Chinese YuanIn its ongoing effort to retain capital onshore, China has extended an investment program to US-based asset managers, providing another funding source to Chinese companies and multinationals (MNCs) operating in China.

The RMB Qualified Institutional Investors (RQFII) program has been available to investors in specific jurisdictions, including Singapore, the United Kingdom and Germany, but the US has been conspicuously absent from the list. Yi Gang, deputy governor of the People’s Bank of China (PBOC) announced in early June that the United States would receive a $38 billion quota for investments in China, second only in terms of volume to Hong Kong’s.

“While other Chinese investment programs exist (e.g., the similarly structured qualified foreign institutional investor program [QFII]), Shanghai-Hong Kong Stock Connect, and the new Chinese Interbank Bond Market (CIBM) access program, RQFII is notably more flexible and broader in investment scope,” noted global specialist law firm Dechert in a note to clients.
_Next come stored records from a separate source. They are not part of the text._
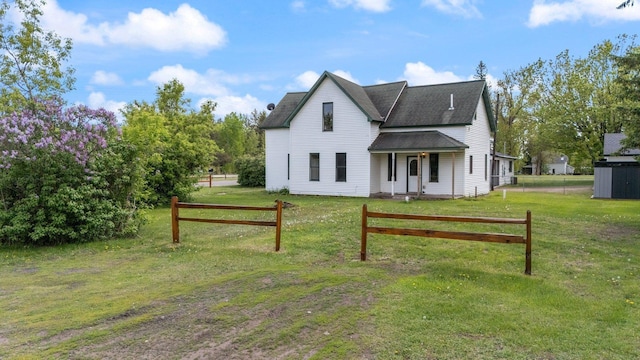 8965 Market St, Sturgeon Lake, MN 55783 - rear view of house featuring a shingled roof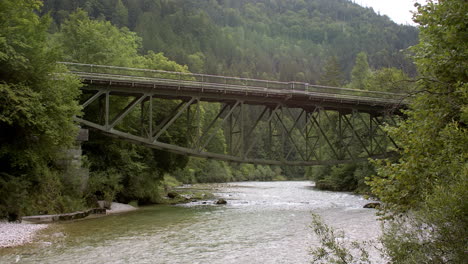 historische eisenbahnbrücke über einen kristallklaren alpinen fluss in österreich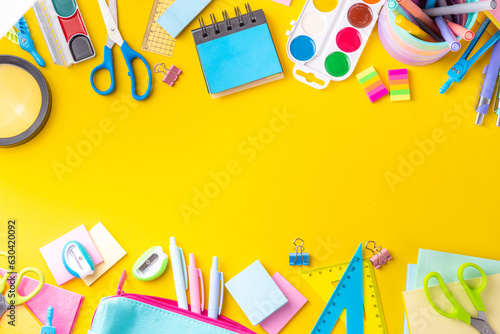 Wallpaper Mural School equipment high-colored bright yellow flat lay. Various school education and office supplies, accessories. Back to school sale background top view copy space Torontodigital.ca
Karl J. Paulson Egbert, a partner at the law firm, said that despite delays in the RQFII’s implementation in some jurisdictions, he expects that in the US it will become operational shortly, given China’s desire to usher in and retain more capital onshore.

A year ago, China issued rules making it easier for large institutional investors to access its $5.7 trillion interbank bond market, in an effort to further open its capital market and retain renminbi (RMB) onshore, and then in May expanded the program to most fund managers. As a result, institutional investors, including global financial institutions, foreign central banks and sovereign wealth funds, no longer must obtain pre-approval to trade bonds, interest-rate swaps and conduct repurchase agreements, and instead must only fill in a short registration form and decide how much they can invest.

More recently, the PBOC published a notice in early May announcing the extension of a pilot program that expands a foreign debt quota system for both foreign and domestic organizations and expedites the process for domestic entities. The move followed verbal instructions to banks to limit RMB outflows through MNCs’ cash pooling arrangements (See “China Suggests RMB Pooling Changes in the Offing,” June 2, 2016)

“There are a lot of institutions in China that could use money to recapitalize and figure out a way forward from the struggles of the past year or two,” Mr. Egbert said.

Although precise rules have yet to be published, investors will need to obtain RMB through offshore sources, such as the Hong Kong and London offshore clearing centers. Mr. Egbert said although the notice is the latest of several funding programs China has created to facilitate investment in onshore entities, the RQ program is well understood and potentially more flexible than other programs, whether for Chinese state-owned or private companies, or potentially foreign companies with operations in China.

If a company has operations in China, it may want to securitize certain assets, and if domestic investors are not biting, the RQFII increases the pool of available capital and the types of investors,” Mr. Egbert said.

In fact, the RQFII notice appears to give MNCs with finance arms to support product sales, such as car or industrial equipment manufacturers, another way to make investments in China.

“If a company has a finance arm that’s regulated as such in the US that entity would probably qualify as an RQFII,” Mr. Egbert said.